The origin of is the misperception among some people that one cannot be both a good fighter pilot and a good Christian.  The assumption is that the two are mutually exclusive; one must overpower the other.  While the fighter pilot culture can be hostile to a Christian spirit, being both a fighter pilot and a Christian is not an oxymoron.  In fact, the sometimes carnal nature of the fighter pilot profession makes it the perfect place for a Christian, not one to be avoided.

Former Presidential candidate and now Fox News commentator Mike Huckabee seems to agree

“If Christians are the salt, where should we be? In a box? In a sack? In a warehouse somewhere? No. The salt has to be on that which is spoiling. So let’s pick out the realms of our culture that we think are rotting, and spoiling, and decaying,” Huckabee continued.

Examples of such realms, as Huckabee noted, include the media, the movie industry, music, fashion, advertising, and finance.

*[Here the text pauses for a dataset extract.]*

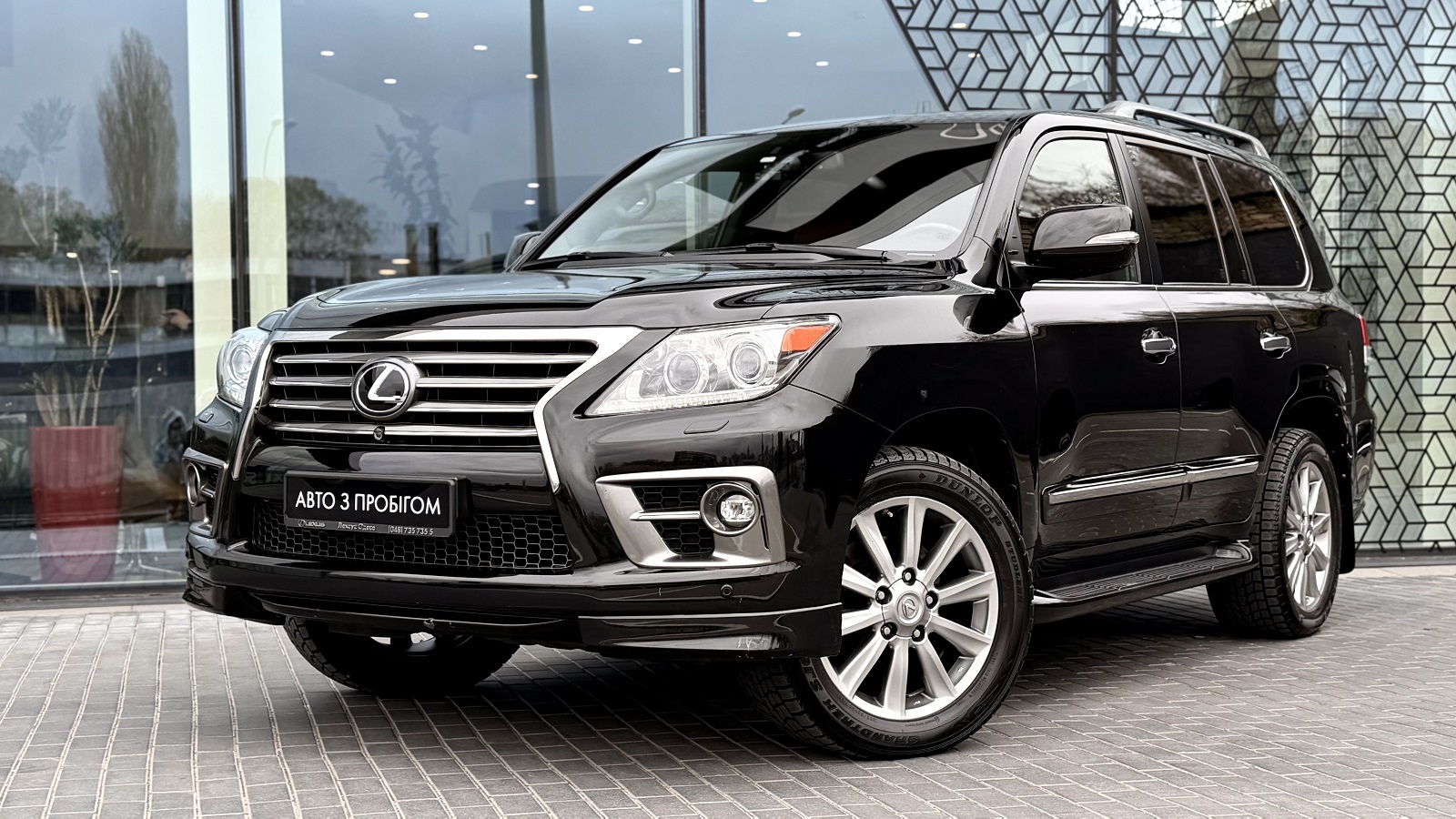 Lexus LX 2013 року, Універсал, Лексус Одеса, м.Одеса | Фото № 1 Lexus LX 2013 року з пробігом 229730 км, Універсал, Лексус Одеса, м.Одеса - 1734890 ГРН | Фото № 1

While he didn’t mention the military (and most would be averse to describing it as “rotting”), his analogy is certainly applicable.  The concept of a Christian being a salt to the fighter pilot community has been routinely referenced here:

The Christian fighter pilot’s eternal battle is how to be “in it but not of it”–to be different without necessarily being separate.  God has called the Christian to be salt in the world, and his salt needs to be in the meal that is the fighter pilot community.  Christians cannot separate themselves so far that their salt isn’t even in the same restaurant.  Nowhere in the Bible does God command Christians to segregate themselves from sinners–quite the contrary:  the Corinthian church once thought Paul had told them to do just that; he wrote to them and explained that the only way they could disassociate themselves from every sinner would be to “leave this world” (1 Corinthians 5:9-10). [From Christian Fighter Pilot is not an Oxymoron.]

When discussing the conflict that occasionally arises between the Christian and the world–and the implication by some that Christians should separate themselves from that conflict–this site has agreed with R.G. LeTourneau, and LeTourneau University, in believing that Christians should live for Christ where they are.  There are no “sacred” professions, per se.  Christians make whatever field they are in sacred.  Huckabee basically agrees:

“Being a light in the midst of darkness – where everyone happens to be – I believe, is what God calls each of us to be.”

Christians are not only encouraged to go out “into” the world, it is their obligation.  Otherwise, they cannot influence the world for Christ:

Unfortunately, the American military has committed vile acts and atrocities in the past (My Lai, Abu Ghraib, to name two famous examples), and some have been left to wonder:  Where are the ethics?  Where are the morals?  Where are the Christians?  If Christians avoid spiritually challenging parts of the military world then they can only lament the state of American military ethics from afar.  Christians can’t influence the world unless they’re in it. [From Christian Fighter Pilot is not an Oxymoron.]

In Huckabee’s words:

When Christians say, “I’m not going to get involved in those things,” Huckabee says they have not only abdicated responsibility but have “absolutely given confirmation to the utter destruction of everything we’re afraid to touch.”

The Pastor-turned-Politician explains quite well what the Christian’s role is in society and culture, particularly in response to those who feel Chrsitians should separate themselves from an “ungodly” culture.  Christians are not to abandon the culture; they are to engage it.